• Exercise instructions
A complete copy of the entries, exactly as written, is the expected result.

• Recorded data
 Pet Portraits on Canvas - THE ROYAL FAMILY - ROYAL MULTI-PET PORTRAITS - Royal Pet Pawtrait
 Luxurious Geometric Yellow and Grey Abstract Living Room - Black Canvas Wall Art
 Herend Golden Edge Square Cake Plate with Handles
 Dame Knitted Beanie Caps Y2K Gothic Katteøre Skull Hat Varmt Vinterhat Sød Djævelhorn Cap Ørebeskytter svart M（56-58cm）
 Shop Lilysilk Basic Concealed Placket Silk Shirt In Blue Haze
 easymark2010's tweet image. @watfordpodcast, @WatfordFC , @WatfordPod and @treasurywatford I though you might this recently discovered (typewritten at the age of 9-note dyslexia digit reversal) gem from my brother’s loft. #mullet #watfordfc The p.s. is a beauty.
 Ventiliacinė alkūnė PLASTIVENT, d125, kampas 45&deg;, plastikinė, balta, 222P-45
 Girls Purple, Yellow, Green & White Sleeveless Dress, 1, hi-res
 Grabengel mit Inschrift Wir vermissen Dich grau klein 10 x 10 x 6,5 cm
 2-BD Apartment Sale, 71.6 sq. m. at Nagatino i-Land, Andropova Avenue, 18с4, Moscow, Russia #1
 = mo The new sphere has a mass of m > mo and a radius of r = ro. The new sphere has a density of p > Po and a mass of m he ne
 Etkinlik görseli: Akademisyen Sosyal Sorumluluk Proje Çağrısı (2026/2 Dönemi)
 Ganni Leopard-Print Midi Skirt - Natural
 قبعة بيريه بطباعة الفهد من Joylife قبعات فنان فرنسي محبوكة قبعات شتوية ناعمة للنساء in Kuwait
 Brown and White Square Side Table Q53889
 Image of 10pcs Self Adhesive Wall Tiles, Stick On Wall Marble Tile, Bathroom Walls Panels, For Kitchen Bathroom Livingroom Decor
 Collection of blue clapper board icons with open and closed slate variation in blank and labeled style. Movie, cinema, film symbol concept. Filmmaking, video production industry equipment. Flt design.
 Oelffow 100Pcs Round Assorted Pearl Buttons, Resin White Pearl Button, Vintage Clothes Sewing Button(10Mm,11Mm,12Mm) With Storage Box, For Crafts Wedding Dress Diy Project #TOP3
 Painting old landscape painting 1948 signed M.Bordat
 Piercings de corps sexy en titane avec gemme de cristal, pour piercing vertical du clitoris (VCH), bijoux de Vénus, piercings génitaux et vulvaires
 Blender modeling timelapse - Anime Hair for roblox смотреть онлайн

• Solution below
 Pet Portraits on Canvas - THE ROYAL FAMILY - ROYAL MULTI-PET PORTRAITS - Royal Pet Pawtrait
 Luxurious Geometric Yellow and Grey Abstract Living Room - Black Canvas Wall Art
 Herend Golden Edge Square Cake Plate with Handles
 Dame Knitted Beanie Caps Y2K Gothic Katteøre Skull Hat Varmt Vinterhat Sød Djævelhorn Cap Ørebeskytter svart M（56-58cm）
 Shop Lilysilk Basic Concealed Placket Silk Shirt In Blue Haze
 easymark2010's tweet image. @watfordpodcast, @WatfordFC , @WatfordPod and @treasurywatford I though you might this recently discovered (typewritten at the age of 9-note dyslexia digit reversal) gem from my brother’s loft. #mullet #watfordfc The p.s. is a beauty.
 Ventiliacinė alkūnė PLASTIVENT, d125, kampas 45&deg;, plastikinė, balta, 222P-45
 Girls Purple, Yellow, Green & White Sleeveless Dress, 1, hi-res
 Grabengel mit Inschrift Wir vermissen Dich grau klein 10 x 10 x 6,5 cm
 2-BD Apartment Sale, 71.6 sq. m. at Nagatino i-Land, Andropova Avenue, 18с4, Moscow, Russia #1
 = mo The new sphere has a mass of m > mo and a radius of r = ro. The new sphere has a density of p > Po and a mass of m he ne
 Etkinlik görseli: Akademisyen Sosyal Sorumluluk Proje Çağrısı (2026/2 Dönemi)
 Ganni Leopard-Print Midi Skirt - Natural
 قبعة بيريه بطباعة الفهد من Joylife قبعات فنان فرنسي محبوكة قبعات شتوية ناعمة للنساء in Kuwait
 Brown and White Square Side Table Q53889
 Image of 10pcs Self Adhesive Wall Tiles, Stick On Wall Marble Tile, Bathroom Walls Panels, For Kitchen Bathroom Livingroom Decor
 Collection of blue clapper board icons with open and closed slate variation in blank and labeled style. Movie, cinema, film symbol concept. Filmmaking, video production industry equipment. Flt design.
 Oelffow 100Pcs Round Assorted Pearl Buttons, Resin White Pearl Button, Vintage Clothes Sewing Button(10Mm,11Mm,12Mm) With Storage Box, For Crafts Wedding Dress Diy Project #TOP3
 Painting old landscape painting 1948 signed M.Bordat
 Piercings de corps sexy en titane avec gemme de cristal, pour piercing vertical du clitoris (VCH), bijoux de Vénus, piercings génitaux et vulvaires
 Blender modeling timelapse - Anime Hair for roblox смотреть онлайн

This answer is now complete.